Craig Marvelley

Software and such

Handling Interactive Ansible Tasks

I recently re-ran some Ansible provisioning scripts after upgrading the base box to an Ubuntu 14.04 image and found they stalled midway through. The cause? One task involved installing the PECL mongo module, and the installation process now prompts the user to decide whether or not to build with Cyrus SASL support. I couldn’t see a way to force a decision via the PECL installer, and Ansible can’t respond to the prompt, so the provisioning process hung while awaiting an answer.

I found two ways to solve this.

I’ve been expecting you

I did a bit of Googling and after coming across this post on the Ansible forum, I took a look at expect.

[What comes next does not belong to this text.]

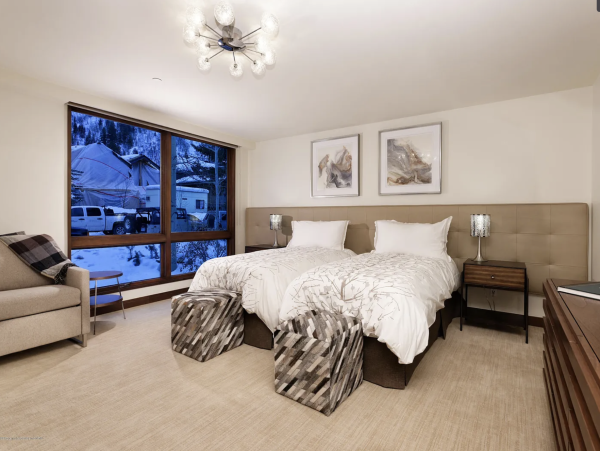 Aspen Luxury Vacation Rental - 5 Bedroom Aspen Core Residence with Mountain Views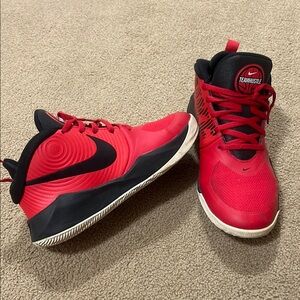 Nike Team Hustle Kids Red Sneakers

Expect lets you script interactions with a spawned command, using regex to match against prompt text, and send appropriate responses. It’s a sound approach; I wrote a script that looked like this:


spawn pecl install mongo

expect "Build with Cyrus SASL"
send "\r"

expect eof

And executed it on the box using Ansible’s script module:

- name: Install PECL mongo extension
  script: install_pecl_mongo.expect

Mission achieved. I felt very pleased with myself for about 30 seconds, which is how long it took for Paul to wander over and tell me there was a simpler way to do it. Expect is a really good solution for scripting varied or complex responses, but I wasn’t faced with that problem here…

Yes man

In this specific case, all I wanted to do was answer a prompt which needed a yes or no answer, and I wasn’t concerned which I went with. There’s a linux command called yes which “outputs an affirmative response, or a user-defined string of text continuously until killed”, which is just what I needed.

So now my task looks like this:

- name: Install PECL mongo extension
  shell: yes '' | pecl install mongo

Which continuously pipes the ‘y’ character (by default) and a newline character into the install command, automatically causing any prompts to be responded to in the affirmative. For my simple use case it works perfectly, and is more straightforward than writing expect scripts.